In a preferred embodiment, the speaker enclosure 102 includes a switch that continuously detects the physical configuration of the speaker enclosure 102. The switch sends a position signal to the controller (represented as 109 in FIG. 1). The controller operates the communication device 100 in any of a private-mode, a speakerphone mode, and a standby mode in response to the position signal and the activation signal. When the communication device 100 is active and the speaker enclosure is collapsed, the switch directs the controller to operate the communication device 100 in a privacy mode. When the communication device 100 is active and the speaker enclosure is expanded, the switch directs the controller to operate the communication device 100 in a speakerphone mode. Alternatively, when the communication device 100 is active and the speaker enclosure is collapsed, the switch directs the controller to operate the speaker as an alert in a standby mode. When the communication device 100 is active and the speaker enclosure is expanded, the switch directs the controller to operate the communication device 100 in a speaker mode (privacy or speakerphone). The user could then select manually whether to operate the communication device with the expanded speaker enclosure in privacy mode or speakerphone mode.
Optionally, the user can control operating mode independently from the user interface 108. For example, a user could select between handsfree (speakerphone) operation and private operation by entering predetermined key sequences, by entering a menu to select between them, or by any other suitable means.

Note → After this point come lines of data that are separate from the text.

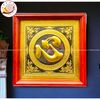 tranhquatangchutambangdongvangdatvangkichthuoc68x68cmxuongtranhdong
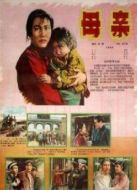 母親（1956）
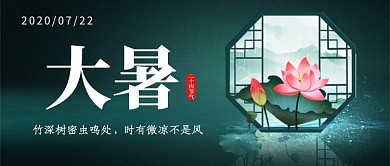 二十四节气大暑卡通新媒体配图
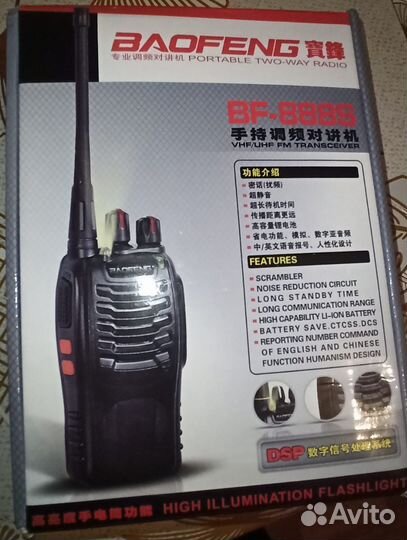 Рация baofeng bf 888s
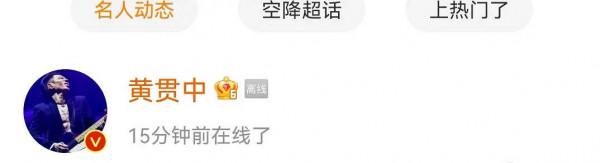 李雲迪翻車到底多少明星吃瓜？唯有林曉峰和歐陽靖還在看教資影片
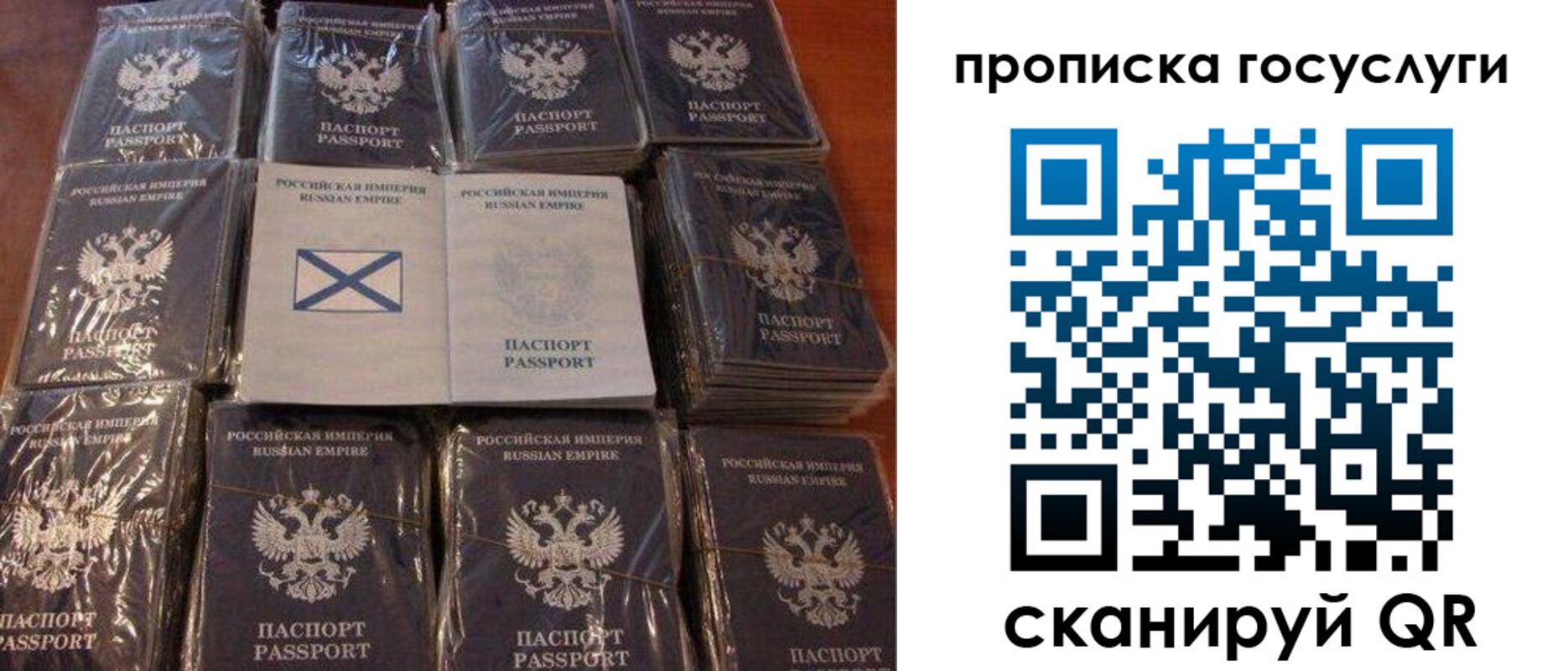 регистрация в Калачинске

A message such as “handsfree” or “private” may be entered in a display, or aural and/or visual indicators may inform the user whether handsfree operation or private operation has been selected.
FIG. 3 illustrates a cross section view of the speaker enclosure in a collapsed, privacy mode configuration. The speaker enclosure 102 includes a speaker 200 having a first speaker side 202 and a second speaker side 204. A plurality of telescoping nested shells 206 are mounted on a rigid portion of the communication device. The outermost nested shell includes a surface conjoining a bottom edge 210 of a side wall 212 of the outermost nested shell defining a rigid base. A first shell 214 of the plurality of shells having a surface 216 conjoining a top edge 218 of the side wall 206 of the first shell 214. The surface 216 includes an acoustic baffle 220 with holes therethrough for transmitting audio signals from the speaker 200. The speaker 200 is mounted to the surface 216 to abut one side of the acoustic baffle 220 with the first speaker side 202 facing the acoustic baffle 220.
The shells 206 are shown in a fully collapsed configuration although operation in a semi-collapsed state is possible. The shells 206 have interlocking rigid side walls 206 such that the second speaker side 204, the side walls 206, and the base define a rigid enclosure with at least one substantially sealed acoustic space 222 therein. Although three shells are shown, it should be recognized that two or more shells can be used equally well in the present invention.
As shown in FIG. 4, when the enclosure 102 is deployed into an expanded, speakerphone configuration the shells form a rigid enclosure with at least one substantially sealed acoustic space 222 therein that is larger than the sealed space in the collapsed configuration. The at least one space 222 tunes an acoustic compliance for the speaker 200 so as to improve broadband frequency response in the expanded configuration.
Although the shells, as shown in FIGS. 3 and 4 for a wristphone, for example, are pivotally hinged near corresponding edges along a common axis 224 to provide a low profile, the present invention contemplates other nested shell configurations including conical sections that expand linearly, rotatable sections that expand helically, and the like.
When providing rigid sections it is important to provide a sealing device therebetween to prevent leaks. The speaker enclosure 102 provides a substantially sealed cavity 222 by having the plurality of shells include an acoustic sealing apparatus 226 therebetween. The sealing apparatus 226 provides a seal around adjacent edges of the walls 206 between shells. Although it is preferred that the enclosure is sealed whether open or closed, it is not necessary that the sealing apparatus provide a seal in the closed configuration.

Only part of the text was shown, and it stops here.